Please transcribe the data that follows exactly as given, leaving out every picture.

Raw data START

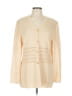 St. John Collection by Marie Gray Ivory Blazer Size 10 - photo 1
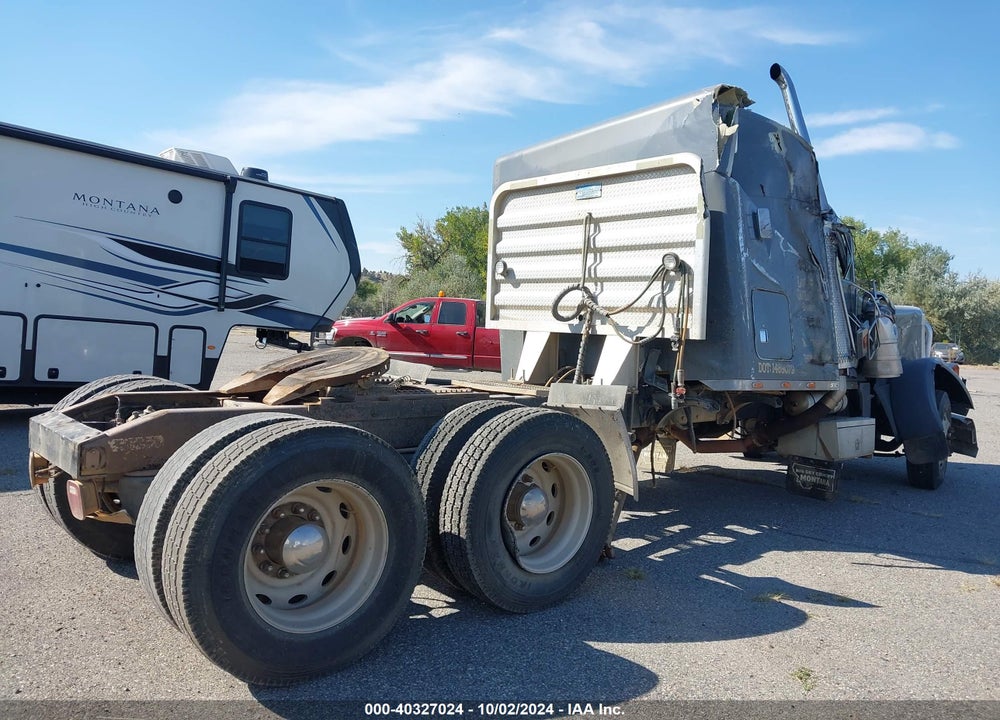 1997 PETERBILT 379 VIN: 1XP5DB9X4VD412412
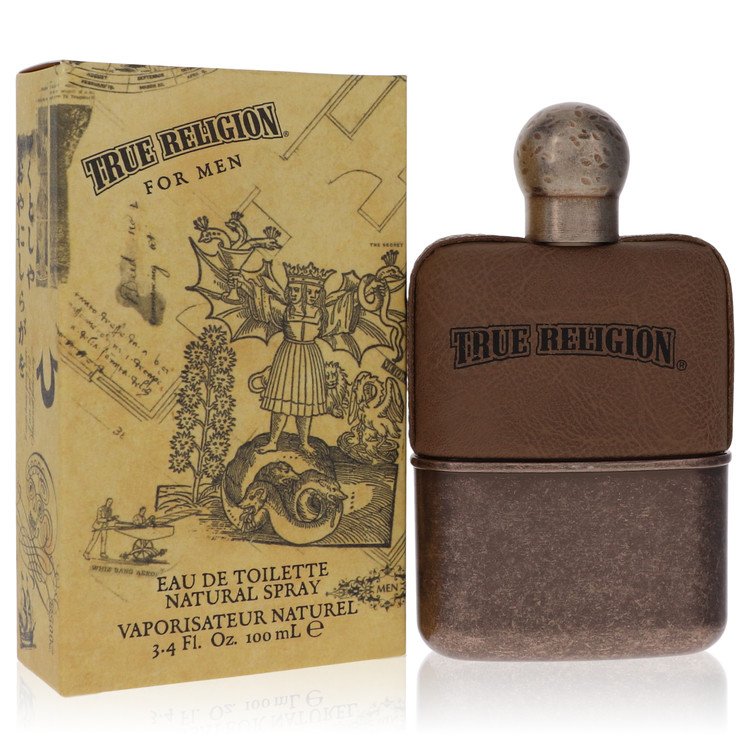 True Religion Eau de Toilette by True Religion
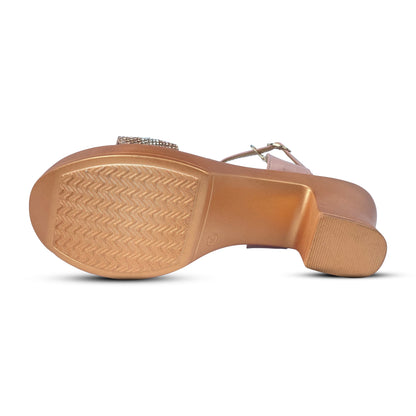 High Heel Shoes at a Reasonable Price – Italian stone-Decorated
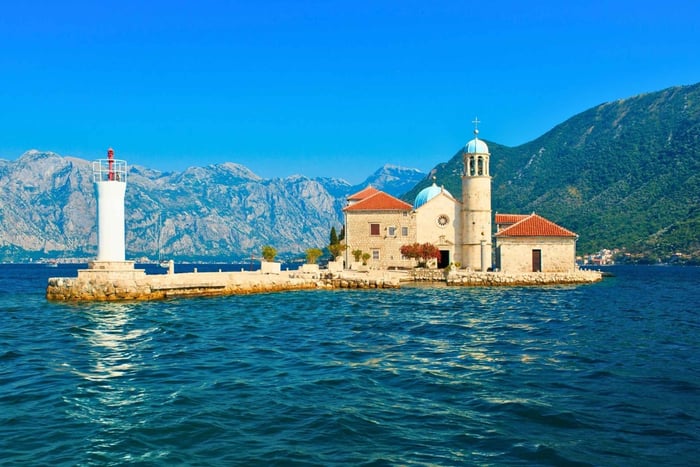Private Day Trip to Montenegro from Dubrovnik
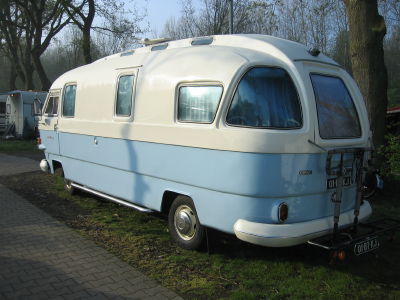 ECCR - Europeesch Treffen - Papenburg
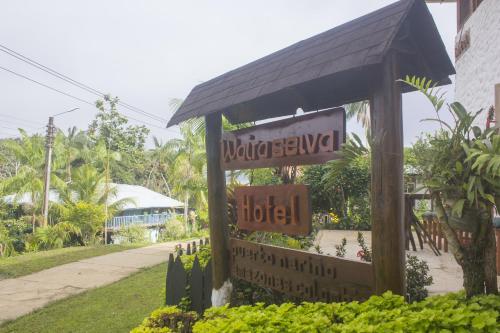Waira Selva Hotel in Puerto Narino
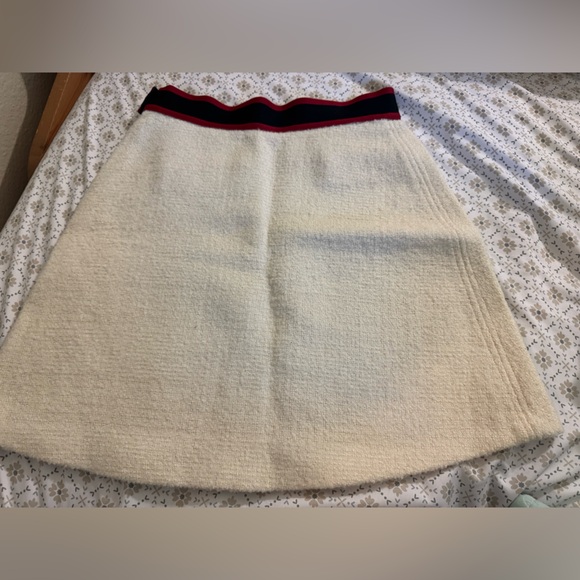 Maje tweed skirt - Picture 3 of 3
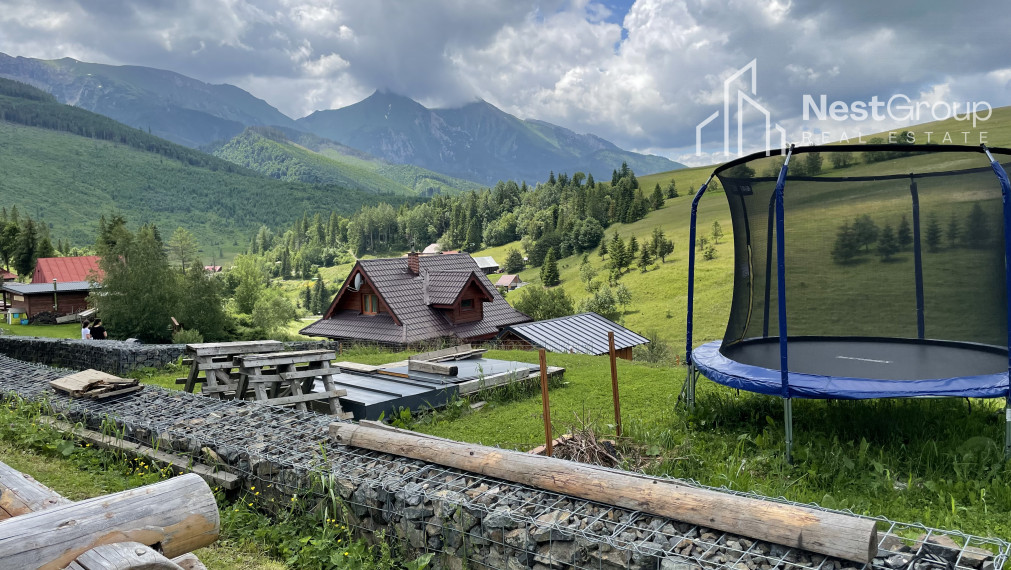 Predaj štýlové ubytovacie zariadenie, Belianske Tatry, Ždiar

Raw data END

== Answer box ==
 St. John Collection by Marie Gray Ivory Blazer Size 10 - photo 1
 1997 PETERBILT 379 VIN: 1XP5DB9X4VD412412
 True Religion Eau de Toilette by True Religion
 High Heel Shoes at a Reasonable Price – Italian stone-Decorated
Private Day Trip to Montenegro from Dubrovnik
 ECCR - Europeesch Treffen - Papenburg
Waira Selva Hotel in Puerto Narino
 Maje tweed skirt - Picture 3 of 3
 Predaj štýlové ubytovacie zariadenie, Belianske Tatry, Ždiar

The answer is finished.